David Graeber, David Wengrow

Anfänge

Eine neue Geschichte der Menschheit
Cover: Anfänge
Klett-Cotta Verlag, Stuttgart 2022
ISBN 9783608985085
Gebunden, 672 Seiten, 28,00 EUR

Klappentext

Aus dem Englischen von Helmut Dierlamm, Henning Dedekind und Andreas Thomsen. David Graeber und David Wengrow entfalten in ihrer Menschheitsgeschichte, wie sich die Anfänge unserer Zivilisation mit der Zukunft der Menschheit neu denken und verbinden lässt. Über Jahrtausende hinweg, lange vor der Aufklärung, wurde schon jede erdenkliche Form sozialer Organisation erfunden und nach Freiheit, Wissen und Glück gestrebt. Graeber und Wengrow zeigen, wie stark die indigene Perspektive das westliche Denken beeinflusst hat und wie wichtig ihre Rückgewinnung ist. Lebendig und überzeugend ermuntern sie uns, mutiger und entschiedener für eine andere Zukunft der Menschheit einzutreten und sie durch unser Handeln zu verändern.
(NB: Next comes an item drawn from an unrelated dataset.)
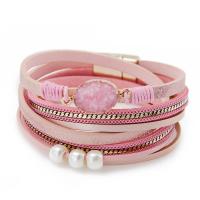 Wrap Bracelet Zinc Alloy with PU Leather gold color plated multilayer & for woman 380mm Sold By PC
Rezensionsnotiz zu Frankfurter Rundschau, 23.03.2022

Rezensent Arno Widmann lernt mit David Graebers und David Wengrows enthnografisch und archäologisch versierter, mit allerhand Archiv- und Bibliotheksfunden ausgestatteter Weltgeschichte Wissenswertes über unsere Vergangenheit, unsere Gegenwart und darüber, wie eine Zukunft überhaupt möglich ist. Die Autoren bringen es laut Widmann auf den Punkt, wenn sie die Geschichte als ein dauerndes "Ausprobieren" von Begriffen, Geräten, Techniken, Herrschaftsstrukturen und Geschlechterverhältnissen und als Parallelgesellschaften mit unterschiedlichen Regeln deuten. Dass die alten Griechen bereits die Dampfmaschine kannten, sie aber sozusagen nur als Effektmaschine nutzten, gehört laut Widmann zu den eindrücklichen Befunden des Bandes. Weltgeschichte als Bricolage und Tanzschritt - mal vor, mal zurück.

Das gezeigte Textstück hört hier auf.